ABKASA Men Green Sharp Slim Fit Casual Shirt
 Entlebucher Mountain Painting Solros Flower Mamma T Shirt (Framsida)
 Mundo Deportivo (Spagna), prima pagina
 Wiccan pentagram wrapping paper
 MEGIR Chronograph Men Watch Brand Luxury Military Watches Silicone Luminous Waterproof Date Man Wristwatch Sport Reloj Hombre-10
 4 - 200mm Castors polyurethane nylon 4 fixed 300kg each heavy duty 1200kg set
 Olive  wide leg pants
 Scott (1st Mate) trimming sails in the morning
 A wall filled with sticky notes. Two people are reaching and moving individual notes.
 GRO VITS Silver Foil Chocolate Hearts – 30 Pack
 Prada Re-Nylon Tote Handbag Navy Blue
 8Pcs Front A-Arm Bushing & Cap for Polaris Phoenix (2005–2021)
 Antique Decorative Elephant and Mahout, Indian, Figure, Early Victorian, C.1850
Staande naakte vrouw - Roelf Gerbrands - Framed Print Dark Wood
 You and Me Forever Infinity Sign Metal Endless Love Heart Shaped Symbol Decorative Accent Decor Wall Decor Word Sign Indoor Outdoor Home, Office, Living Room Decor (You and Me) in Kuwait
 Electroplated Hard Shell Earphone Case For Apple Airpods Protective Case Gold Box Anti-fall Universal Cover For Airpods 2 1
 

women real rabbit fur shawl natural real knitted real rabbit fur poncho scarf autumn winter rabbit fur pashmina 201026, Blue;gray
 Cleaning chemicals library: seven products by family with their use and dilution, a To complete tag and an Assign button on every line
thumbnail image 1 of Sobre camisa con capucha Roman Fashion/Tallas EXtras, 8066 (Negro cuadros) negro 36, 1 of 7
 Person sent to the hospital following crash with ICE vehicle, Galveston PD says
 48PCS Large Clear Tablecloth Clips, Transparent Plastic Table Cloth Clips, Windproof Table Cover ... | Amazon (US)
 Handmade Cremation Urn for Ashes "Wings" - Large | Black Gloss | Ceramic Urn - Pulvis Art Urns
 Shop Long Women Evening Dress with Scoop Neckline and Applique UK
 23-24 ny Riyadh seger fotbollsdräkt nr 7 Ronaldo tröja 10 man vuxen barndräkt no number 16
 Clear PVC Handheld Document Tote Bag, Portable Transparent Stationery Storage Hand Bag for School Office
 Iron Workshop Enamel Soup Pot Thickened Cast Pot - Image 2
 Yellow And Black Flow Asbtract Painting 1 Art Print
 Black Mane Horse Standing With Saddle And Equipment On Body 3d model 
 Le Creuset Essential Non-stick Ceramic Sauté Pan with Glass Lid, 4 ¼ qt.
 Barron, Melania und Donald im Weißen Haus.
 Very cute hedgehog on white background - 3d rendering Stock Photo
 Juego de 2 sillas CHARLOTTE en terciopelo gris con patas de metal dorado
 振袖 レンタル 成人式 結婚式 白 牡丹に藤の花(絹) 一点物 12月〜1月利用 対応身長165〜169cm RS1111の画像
----
**WORK TASK**. Set down each entry exactly, leaving none out.

**RESULT OF THE EXERCISE**.
ABKASA Men Green Sharp Slim Fit Casual Shirt
 Entlebucher Mountain Painting Solros Flower Mamma T Shirt (Framsida)
 Mundo Deportivo (Spagna), prima pagina
 Wiccan pentagram wrapping paper
 MEGIR Chronograph Men Watch Brand Luxury Military Watches Silicone Luminous Waterproof Date Man Wristwatch Sport Reloj Hombre-10
 4 - 200mm Castors polyurethane nylon 4 fixed 300kg each heavy duty 1200kg set
 Olive  wide leg pants
 Scott (1st Mate) trimming sails in the morning
 A wall filled with sticky notes. Two people are reaching and moving individual notes.
 GRO VITS Silver Foil Chocolate Hearts – 30 Pack
 Prada Re-Nylon Tote Handbag Navy Blue
 8Pcs Front A-Arm Bushing & Cap for Polaris Phoenix (2005–2021)
 Antique Decorative Elephant and Mahout, Indian, Figure, Early Victorian, C.1850
Staande naakte vrouw - Roelf Gerbrands - Framed Print Dark Wood
 You and Me Forever Infinity Sign Metal Endless Love Heart Shaped Symbol Decorative Accent Decor Wall Decor Word Sign Indoor Outdoor Home, Office, Living Room Decor (You and Me) in Kuwait
 Electroplated Hard Shell Earphone Case For Apple Airpods Protective Case Gold Box Anti-fall Universal Cover For Airpods 2 1
 

women real rabbit fur shawl natural real knitted real rabbit fur poncho scarf autumn winter rabbit fur pashmina 201026, Blue;gray
 Cleaning chemicals library: seven products by family with their use and dilution, a To complete tag and an Assign button on every line
thumbnail image 1 of Sobre camisa con capucha Roman Fashion/Tallas EXtras, 8066 (Negro cuadros) negro 36, 1 of 7
 Person sent to the hospital following crash with ICE vehicle, Galveston PD says
 48PCS Large Clear Tablecloth Clips, Transparent Plastic Table Cloth Clips, Windproof Table Cover ... | Amazon (US)
 Handmade Cremation Urn for Ashes "Wings" - Large | Black Gloss | Ceramic Urn - Pulvis Art Urns
 Shop Long Women Evening Dress with Scoop Neckline and Applique UK
 23-24 ny Riyadh seger fotbollsdräkt nr 7 Ronaldo tröja 10 man vuxen barndräkt no number 16
 Clear PVC Handheld Document Tote Bag, Portable Transparent Stationery Storage Hand Bag for School Office
 Iron Workshop Enamel Soup Pot Thickened Cast Pot - Image 2
 Yellow And Black Flow Asbtract Painting 1 Art Print
 Black Mane Horse Standing With Saddle And Equipment On Body 3d model 
 Le Creuset Essential Non-stick Ceramic Sauté Pan with Glass Lid, 4 ¼ qt.
 Barron, Melania und Donald im Weißen Haus.
 Very cute hedgehog on white background - 3d rendering Stock Photo
 Juego de 2 sillas CHARLOTTE en terciopelo gris con patas de metal dorado
 振袖 レンタル 成人式 結婚式 白 牡丹に藤の花(絹) 一点物 12月〜1月利用 対応身長165〜169cm RS1111の画像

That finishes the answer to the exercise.